A faithful copy of the entries, without any pictures, is what is needed here.

--- Data supplied ---

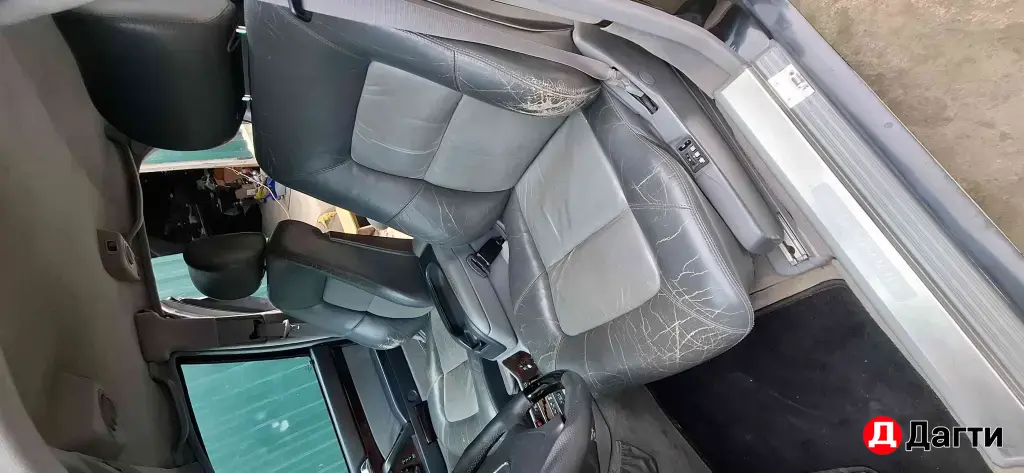Mercedes-Benz S-Класс, 1999 года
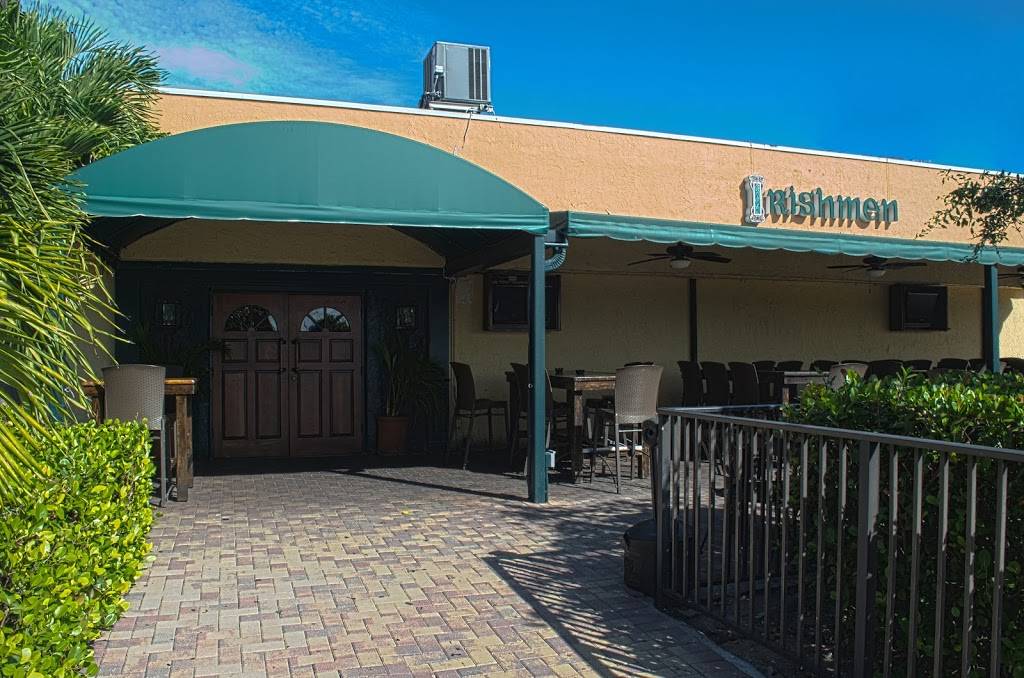 Irishmen | restaurant | 1745 NW Boca Raton Blvd, Boca Raton, FL 33432, USA | 5613681129 OR +1 561-368-1129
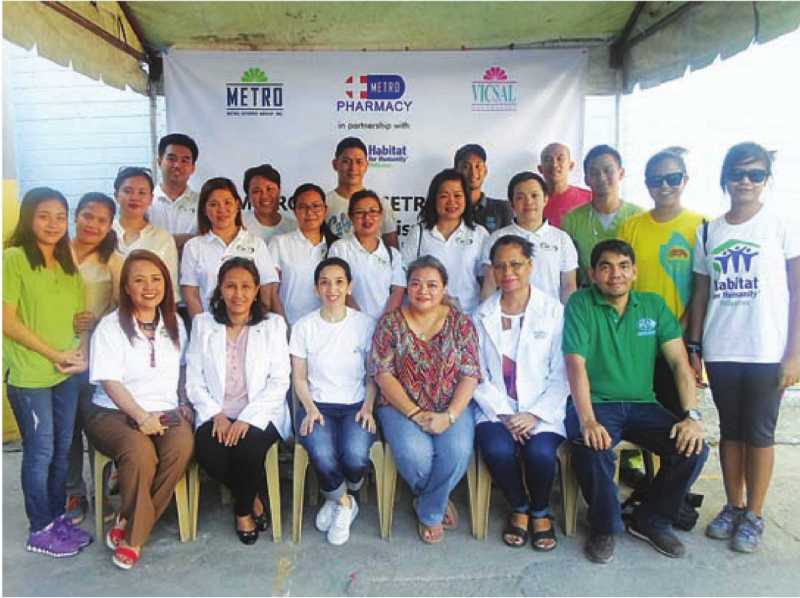 MEDICAL MISSION benefits Taguig residents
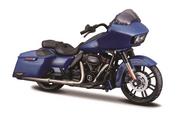 Samochody i pojazdy dla dzieci - MAISTO HARLEY-DAVIDSON 2022 CVO Road Glide 1/18 39360 - miniaturka - grafika 1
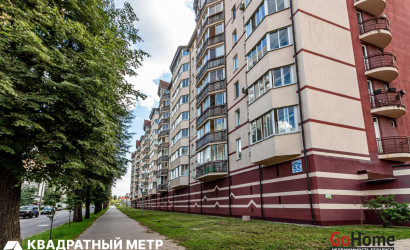 Купить 1-комнатную квартиру, Минск, Червякова ул., 55(Центральный район). Фото 37
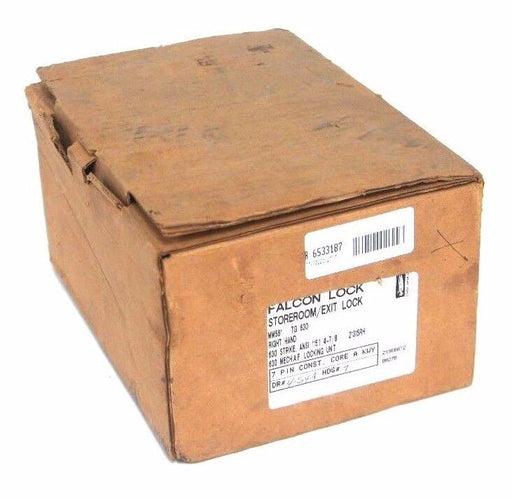 NEW FALCON LOCK MM581 TG 630 STOREROOM / EXIT LOCK RIGHT HAND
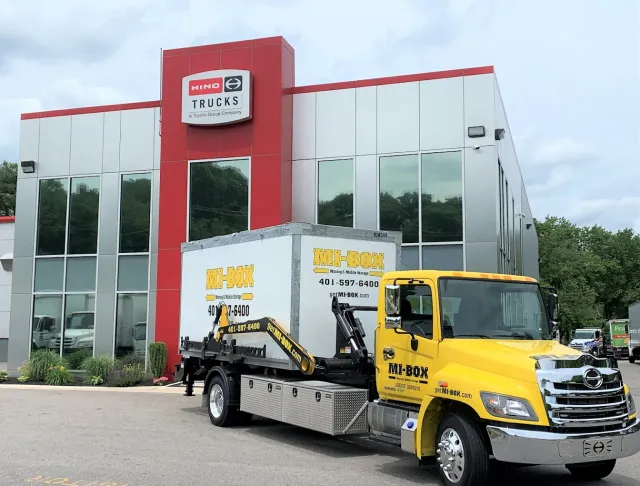 Business & Job Site Storage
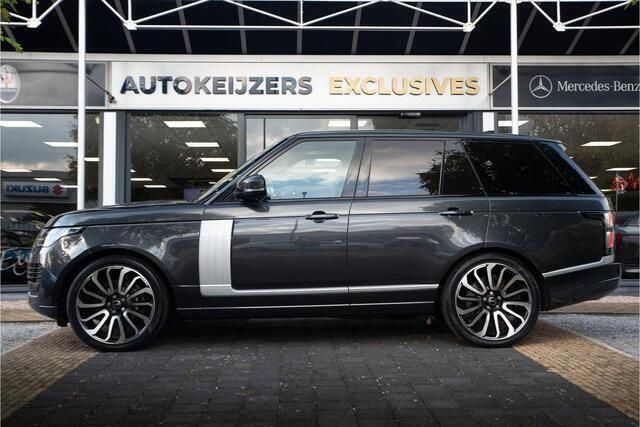 Occasion Land Rover Range Rover Vogue 340 PK (250 kW) 2019 Grijs SUV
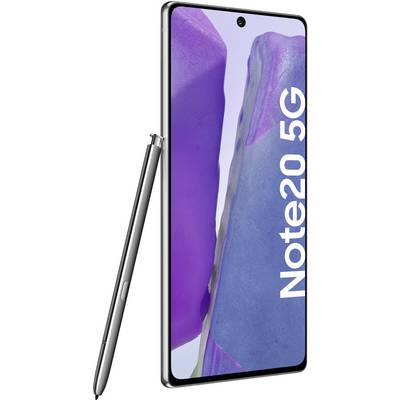 Samsung Galaxy Note 20 5G 256 GB Grey 17 cm (6.7 inch) Smartphone-11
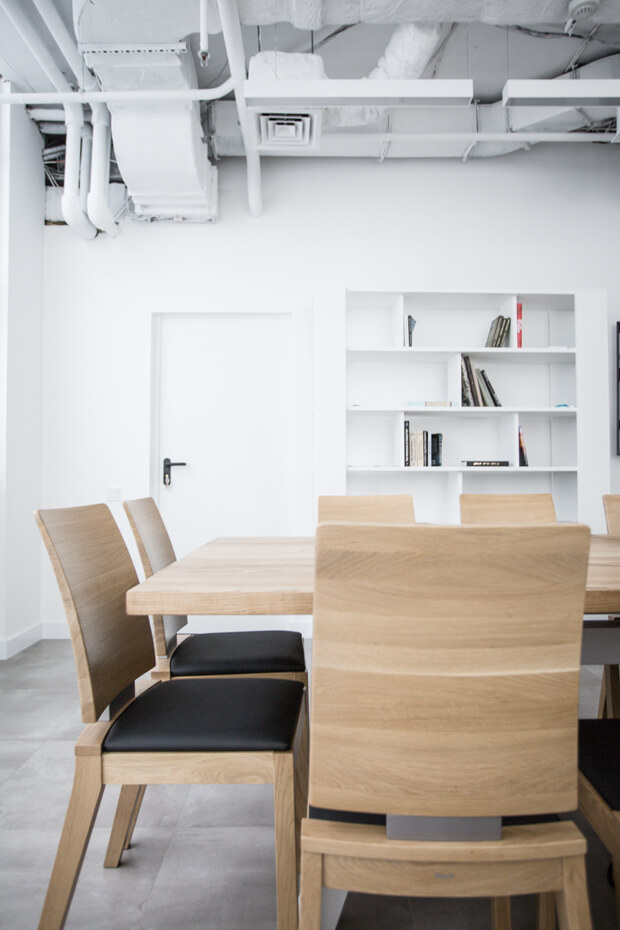 辦公空間，寫字樓辦公室設計，頂樓辦公室，基輔辦公空間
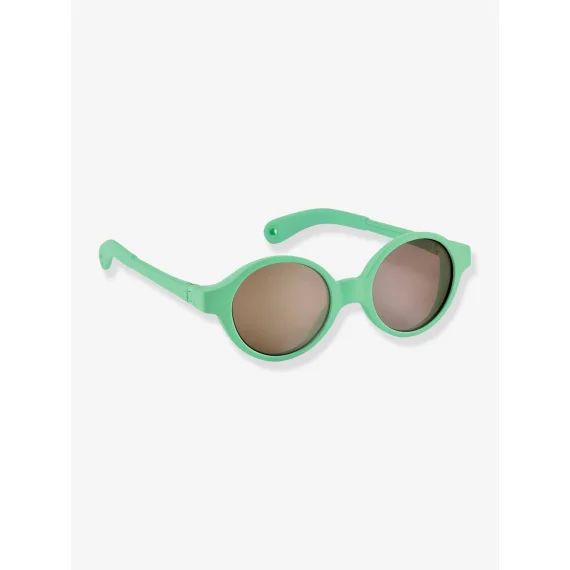 Lunettes de soleil BEABA Joy pour enfant de 9 à 24 mois vert néon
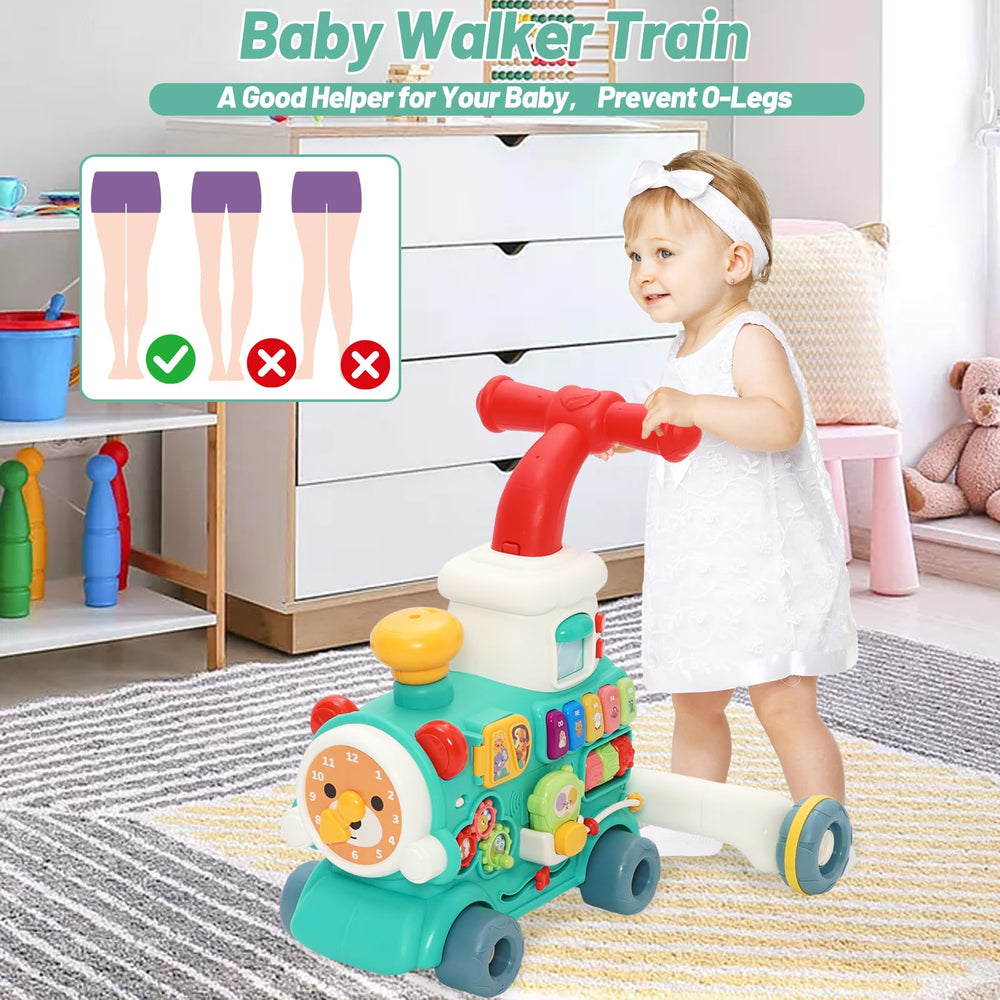 Ark Miido flower slides invite interactive movement during play sessions.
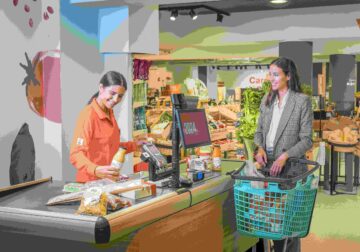 Veritas se convierte en la primera cadena de supermercados en obtener la certificación Values-Based Company®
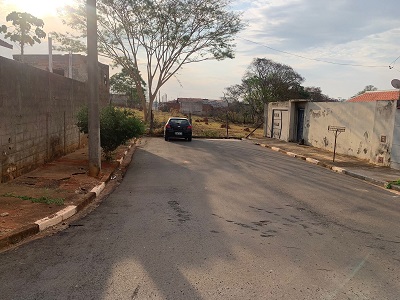 Nova rua vai ligar os bairros dos Prados e José Secchi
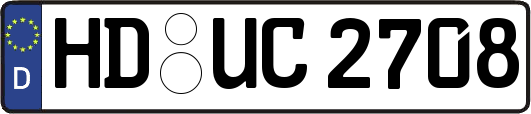 HD-UC2708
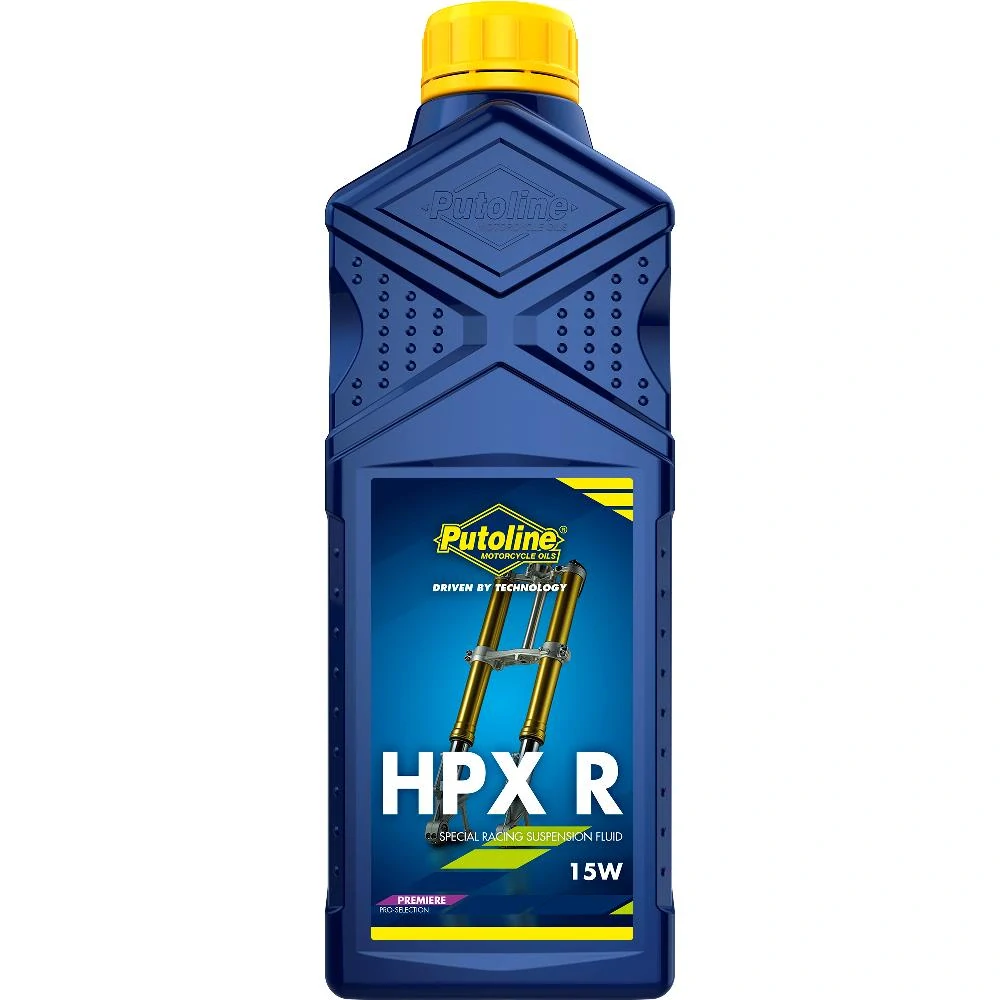 PUTOLINE Tlumičový olej HPX R 15W 1L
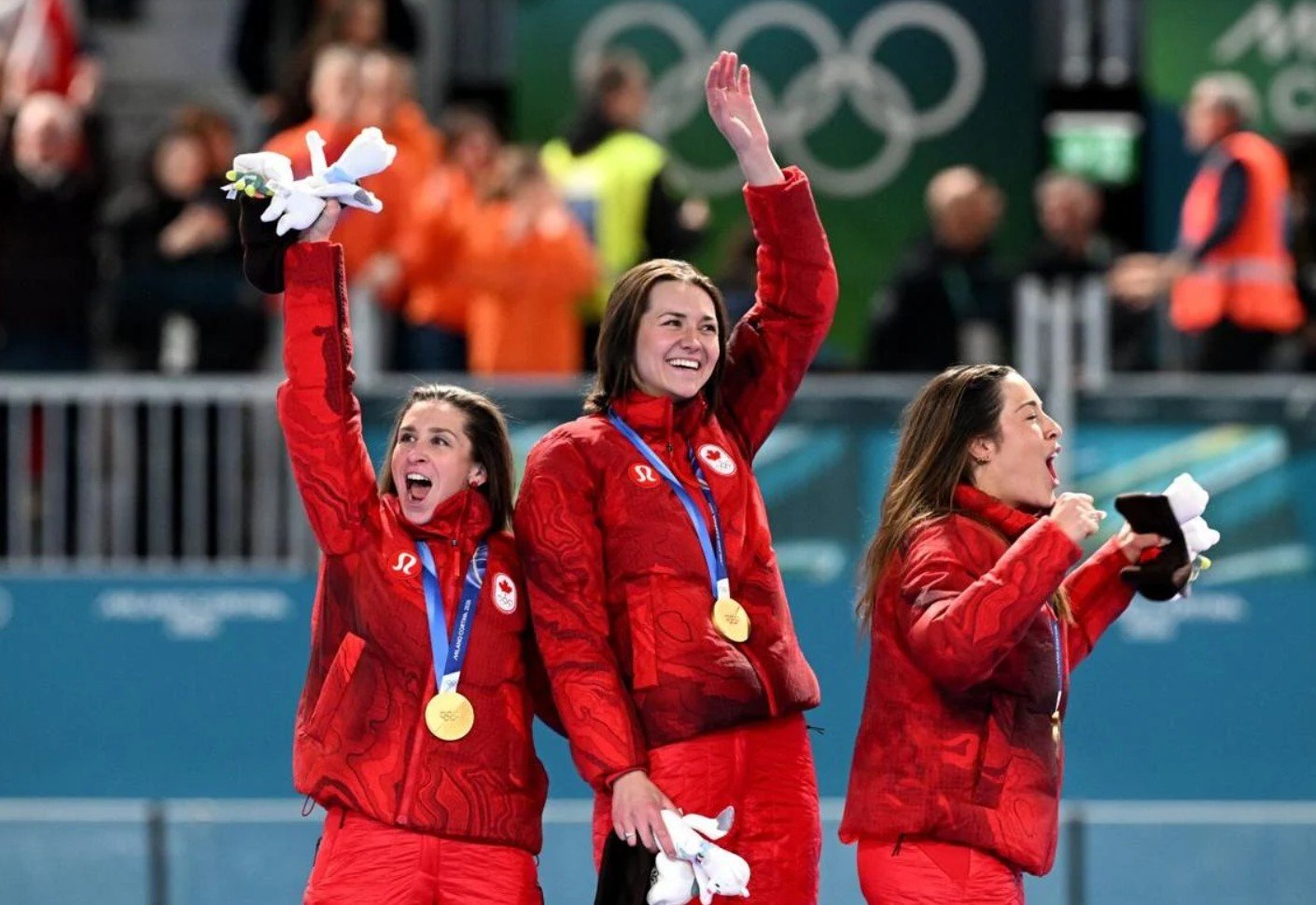 Winter Olympics Day 11 โเจ Canada Gold, เจนเจพเจเฉ เจเจตเจพเจฐเจเจฐเจซเจพเจเจจเจฒ เจฎเฉเจเจพเจฌเจฒเจพ เจคเฉเจ
|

---

_Written response_.
Mercedes-Benz S-Класс, 1999 года
 Irishmen | restaurant | 1745 NW Boca Raton Blvd, Boca Raton, FL 33432, USA | 5613681129 OR +1 561-368-1129
 MEDICAL MISSION benefits Taguig residents
 Samochody i pojazdy dla dzieci - MAISTO HARLEY-DAVIDSON 2022 CVO Road Glide 1/18 39360 - miniaturka - grafika 1
 Купить 1-комнатную квартиру, Минск, Червякова ул., 55(Центральный район). Фото 37
 NEW FALCON LOCK MM581 TG 630 STOREROOM / EXIT LOCK RIGHT HAND
 Business & Job Site Storage
 Occasion Land Rover Range Rover Vogue 340 PK (250 kW) 2019 Grijs SUV
 Samsung Galaxy Note 20 5G 256 GB Grey 17 cm (6.7 inch) Smartphone-11
 辦公空間，寫字樓辦公室設計，頂樓辦公室，基輔辦公空間
 Lunettes de soleil BEABA Joy pour enfant de 9 à 24 mois vert néon
 Ark Miido flower slides invite interactive movement during play sessions.
 Veritas se convierte en la primera cadena de supermercados en obtener la certificación Values-Based Company®
 Nova rua vai ligar os bairros dos Prados e José Secchi
 HD-UC2708
 PUTOLINE Tlumičový olej HPX R 15W 1L
 Winter Olympics Day 11 โเจ Canada Gold, เจนเจพเจเฉ เจเจตเจพเจฐเจเจฐเจซเจพเจเจจเจฒ เจฎเฉเจเจพเจฌเจฒเจพ เจคเฉเจ
|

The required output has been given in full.